=== INFORMATION SUPPLIED ===
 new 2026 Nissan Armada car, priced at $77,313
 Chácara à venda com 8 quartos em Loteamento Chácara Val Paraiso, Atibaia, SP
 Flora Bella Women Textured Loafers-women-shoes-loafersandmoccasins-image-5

==

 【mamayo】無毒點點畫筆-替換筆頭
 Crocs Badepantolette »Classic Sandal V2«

=== EXERCISE PROMPT ===
Within the material above, output exactly the lines from the one with "new 2026 Nissan" through the one with "Flora Bella Women", end lines included, and nothing besides.

=== YOUR SOLUTION ===
 new 2026 Nissan Armada car, priced at $77,313
 Chácara à venda com 8 quartos em Loteamento Chácara Val Paraiso, Atibaia, SP
 Flora Bella Women Textured Loafers-women-shoes-loafersandmoccasins-image-5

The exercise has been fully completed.